June 25, 2026
Pakistan may get inflation relief as oil prices fall after Strait of Hormuz reopens: report
Brent drops to $73.84 per barrel from wartime highs of $115–120, while lower energy prices could cut Pakistan’s inflation by 0.5–1.5 percentage points; more then $3 trillion annual loss to the global economy also averted
June 25, 2026

The reopening of the Strait of Hormuz has eased pressure on global commodity markets, with oil and LNG prices falling after more than 100 days of conflict and disruption.
Brent crude has dropped to $73.84 per barrel, down more than 40% from its wartime peak of $115–120. US benchmark WTI is trading at $70.17 per barrel, UAE Murban at $67.24, Oman crude at $69.67 and Russia’s Urals benchmark at $64.42.
The decline is expected to ease inflationary pressure in energy-importing countries, including Pakistan.
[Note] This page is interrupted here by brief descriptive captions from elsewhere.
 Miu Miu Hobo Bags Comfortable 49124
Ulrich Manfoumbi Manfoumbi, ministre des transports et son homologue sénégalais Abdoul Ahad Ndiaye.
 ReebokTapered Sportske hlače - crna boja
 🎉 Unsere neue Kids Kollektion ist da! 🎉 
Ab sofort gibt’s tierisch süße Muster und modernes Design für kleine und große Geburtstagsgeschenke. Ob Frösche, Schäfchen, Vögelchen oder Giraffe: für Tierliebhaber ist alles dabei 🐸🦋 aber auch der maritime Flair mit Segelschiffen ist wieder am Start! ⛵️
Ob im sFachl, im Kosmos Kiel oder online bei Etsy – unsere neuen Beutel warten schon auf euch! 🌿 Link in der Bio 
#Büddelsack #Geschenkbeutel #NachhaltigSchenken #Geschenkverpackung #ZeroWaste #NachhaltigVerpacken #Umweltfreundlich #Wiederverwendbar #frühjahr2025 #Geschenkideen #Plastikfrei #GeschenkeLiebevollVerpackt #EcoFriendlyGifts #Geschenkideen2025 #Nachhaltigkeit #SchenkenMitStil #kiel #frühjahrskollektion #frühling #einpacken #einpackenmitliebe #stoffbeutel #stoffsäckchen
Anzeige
Economists estimate that lower fuel import costs and reduced pressure on the rupee and current account could bring Pakistan’s inflation down by 0.5–1.5 percentage points.
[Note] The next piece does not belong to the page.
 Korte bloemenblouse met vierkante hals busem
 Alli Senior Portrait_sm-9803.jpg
For Pakistan, every sustained $10 decline in oil prices can translate into hundreds of millions of dollars in annual import savings. A return of Brent to the $65–70 per barrel range could save the country several billion dollars compared with wartime price levels.
The Strait of Hormuz normally carries around 20 million barrels of oil per day, nearly one-fifth of global oil consumption, along with a major share of global liquefied natural gas exports. Its disruption had raised fears of the largest energy shock since the 1973 oil crisis.
Economists estimate that the 100-day crisis has already caused global losses of $500 billion to $900 billion. Had the disruption continued for another year, annualised losses could have reached around $2 trillion, while worst-case projections placed the possible damage at $3 trillion to $3.5 trillion.
LNG and gas markets have also eased. The Japan-Korea LNG benchmark has fallen to $15.74 per MMBtu, while European Dutch TTF natural gas is trading around €14.03 per megawatt-hour. US gasoline futures have dropped to $2.88 per gallon and heating oil prices to $3.13 per gallon.
The fall in prices reflects market confidence that Gulf energy exports will continue recovering. However, shipping and refining activity has not fully normalised.
Before the conflict, around 125 ships passed through the Strait of Hormuz each day. Current traffic remains below that level, while hundreds of merchant vessels are still delayed.
More than 100 loaded oil tankers carrying around 120 million barrels of crude are also working through the backlog created by the closure. Insurance premiums for Gulf shipping remain elevated, adding costs across the energy supply chain.
Refining capacity remains another constraint. More than 3 million barrels per day of Middle Eastern refining capacity was temporarily shut during the conflict, while around 1.9 million barrels per day is still offline.
Facilities in Saudi Arabia, Kuwait, the United Arab Emirates and Bahrain faced damage or operational disruption during the crisis.
Industry forecasts suggest refinery systems could recover to about 70 percent of normal capacity within six to eight weeks. Recovery to 90–95 percent is expected within 40–60 days, while near-full restoration may take three to six months. Complete logistical normalisation could extend into early 2027.
Most analysts now expect Brent crude to trade between $68 and $75 per barrel during late summer and autumn. If refinery repairs continue and shipping traffic normalises, Brent could return to the $65–70 range by the end of 2026.
Lower energy prices are also expected to reduce inflation in other major importing economies. Economists estimate oil prices near $65–70 per barrel could cut inflation by 0.1–0.2 percentage points in the United States, 0.1–0.3 points in the United Kingdom and 0.1–0.2 points in Japan.
India could see inflation fall by 0.2–0.4 percentage points, while its annual oil import savings could run into tens of billions of dollars.